# Q1 — Baseline Analysis and Random Forest Regression (Console & Genre → Total Sales)

## Aim
This notebook investigates whether a game’s **console** and **genre** are informative predictors of its **total global sales**.

## Scope (filtered dataset)
To keep the analysis focused and comparable, we restrict the dataset to:
- Consoles: **PS4, XOne, PC**
- Genres: **Action, Sports, Role-Playing, Adventure**

## Approach
1. Load and clean the dataset (remove missing values)
2. Filter to the chosen consoles/genres
3. Compute **baseline mean sales** (simple, interpretable comparison)
4. Train a **Random Forest Regressor** using one-hot encoding
5. Predict which **console–genre combinations** are expected to sell best

In [None]:
import sys
from pathlib import Path

# Repo root is one level above Q1_folder
ROOT = Path().resolve().parent
sys.path.append(str(ROOT / "py"))

DATA_PATH = ROOT / "data" / "VideoGames_Sales.xlsx"

import seaborn as sns
sns.set(style="whitegrid")

from functions import (
    get_data,
    filter_ps4_xone_pc_and_selected_genres,
    baseline_means,
    encode_console_genre,
    train_and_evaluate_rf,
    top_console_genre_predictions
)

## 1) Load and inspect the data

We load the Excel file, keep only the three columns needed for this coursework question,
and remove rows containing missing values.
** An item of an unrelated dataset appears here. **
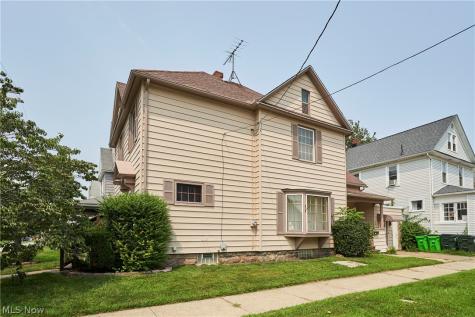 221 7th Street NW Barberton OH 44203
This ensures the model is trained on complete examples.

In [None]:
df = get_data(DATA_PATH)

print("Dataset shape (after selecting columns + dropping NaNs):", df.shape)
df.head()

In [None]:
df.info()

## 2) Filter to the chosen consoles and genres

The coursework question focuses on whether console/genre affect sales.  
To reduce noise and keep comparisons meaningful, we filter to three consoles (PS4, XOne, PC)
and four genres (Action, Sports, Role-Playing, Adventure).

## 3) Baseline: mean sales by category

Before using machine learning, we compute baseline averages:
- Mean sales by **console**
- Mean sales by **genre**
- Mean sales by **console × genre**

This gives a simple reference point to compare with the Random Forest predictions later.

In [None]:
mean_console, mean_genre, mean_console_genre = baseline_means(df, masks)
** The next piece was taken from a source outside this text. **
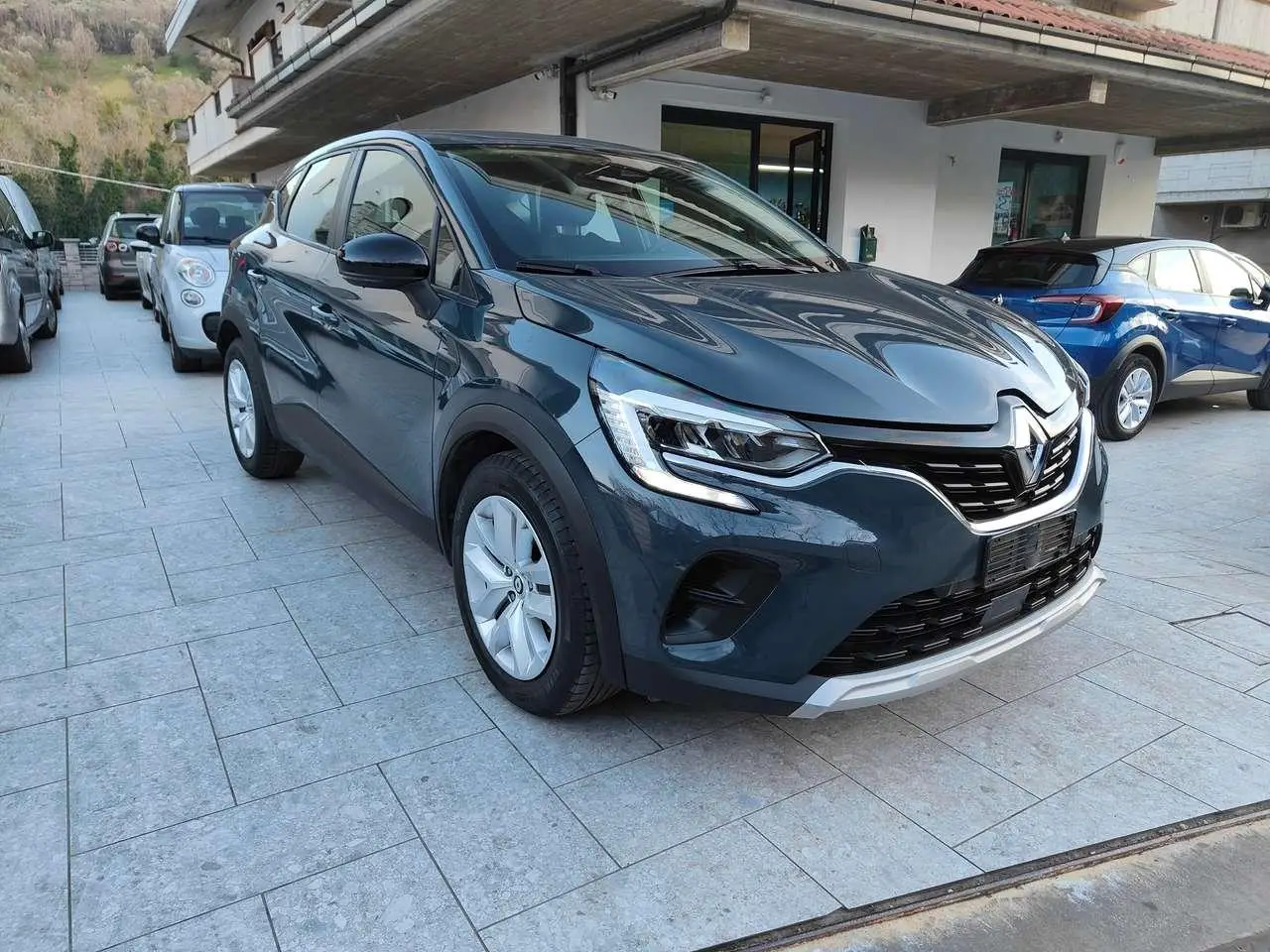 Photo 1 : Renault Captur 2023 GPL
print("Mean total sales by console:")
display(mean_console)

print("\nMean total sales by genre:")
display(mean_genre)

print("\nMean total sales by console × genre:")
display(mean_console_genre.head(12))

## 4) Train a Random Forest Regressor

### Why Random Forest?
A Random Forest is a strong baseline model for tabular data because it:
- handles non-linear relationships,
- is robust to noise,
- works well with one-hot encoded categorical features,
- and can outperform simple linear models without heavy tuning.

### Feature representation
Console and genre are categorical, so we use **one-hot encoding** to create numeric input features.

In [None]:
x_encoded, y = encode_console_genre(F_DataFrame)

model, results = train_and_evaluate_rf(x_encoded, y)
results

### Interpreting the metrics
- **R²** measures how much of the variance in sales is explained by the model (higher is better).
- **RMSE** measures the typical prediction error in the same units as the target variable (lower is better).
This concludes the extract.